2. Selection of time period is based on the availability of consistent data set on the subject.
3. Three specialized banks owned by the public sector are not included, as these primarily rely on equity or borrowing (instead of deposits) for their lending activities. Moreover, government policies heavily influence their business activities in contrast to the developments taking place in the banking system.
4. These banks include 4 public sector commercial banks, 4 foreign banks, and 16 private commercial banks. None of the Islamic banks are included in the profit function estimation as the estimation period starts before their arrival. Indirectly, all the banks operating in Pakistan are taken into account for the calculation of the concentration ratio and HHI since ‘overall’ banking assets has been used in the denominator. Names of individual banks are reported in Annex 1 (Table A1).
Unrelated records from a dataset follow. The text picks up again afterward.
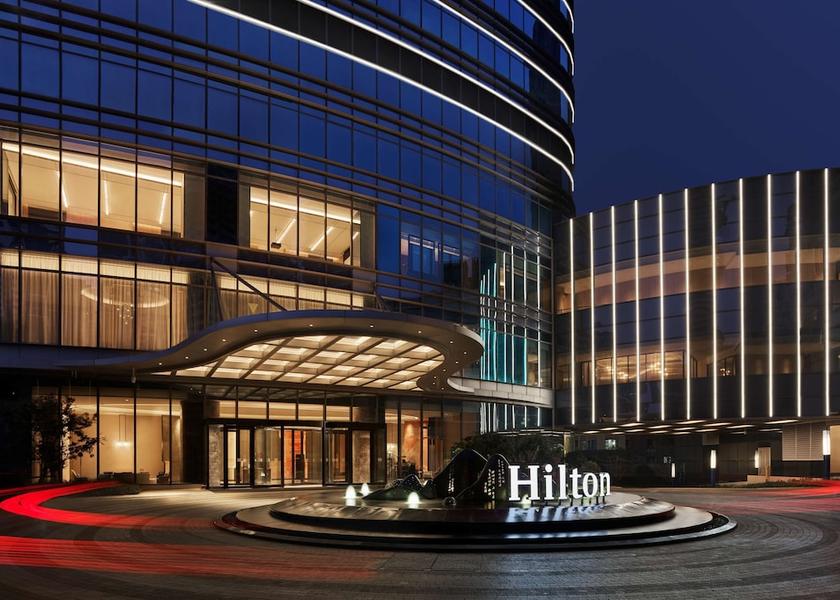 Hunan Changsha Exterior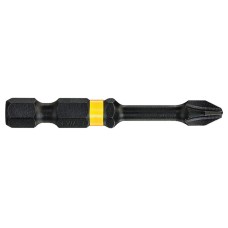 DEWALT Impact Torsion Bits PH2 x 50mm (Pack 5)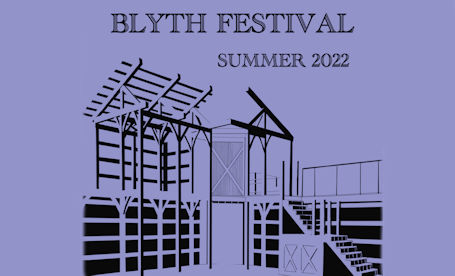 ​Blyth Festival’s 2022 season returns to the Harvest Stage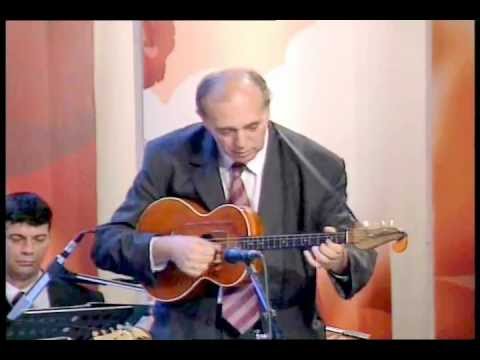 Vlaško kolo - Veleiki tamburaški orkestar RTV-a Novi Sad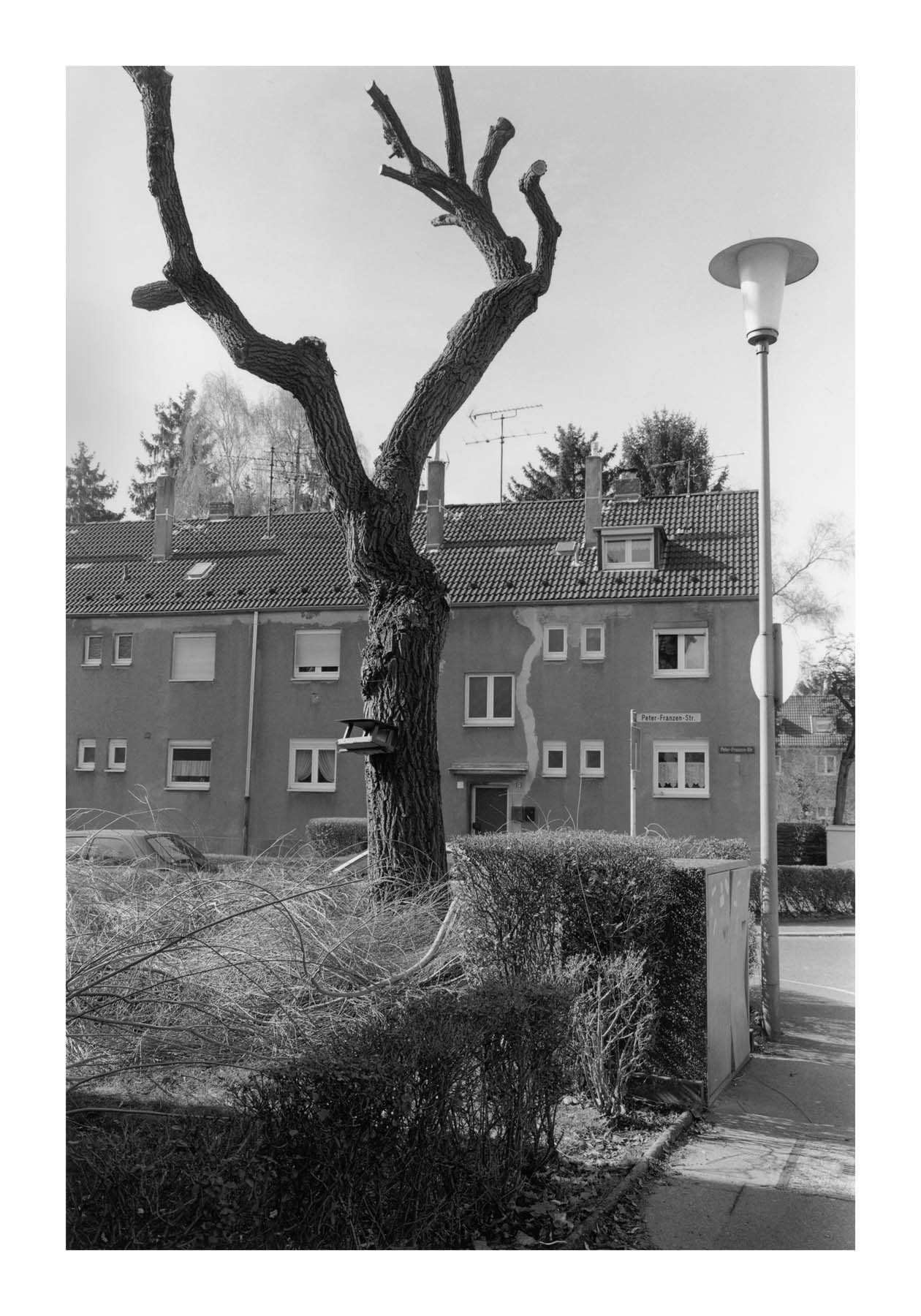 Ossendorf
5. Unlike ROA, the return on equity (ROE) indicates higher dispersion. It is understandable as banking is a highly leveraged business. Specifically, equity to assets ratio is less than 10 percent (in Pakistan) over the estimation period.
6. 92.1 percent of ROA data are ± 5.0 percent. In case of ROE, only 7.5 percent of observations are −25 percent or lower.
7. As of 31 December 2015, total assets of the biggest bank were 666 times the total assets of the smallest bank, implying residual variance of these banks would be substantially different, making it necessary to account for heteroskedasticity by using residual variance of each bank as weight.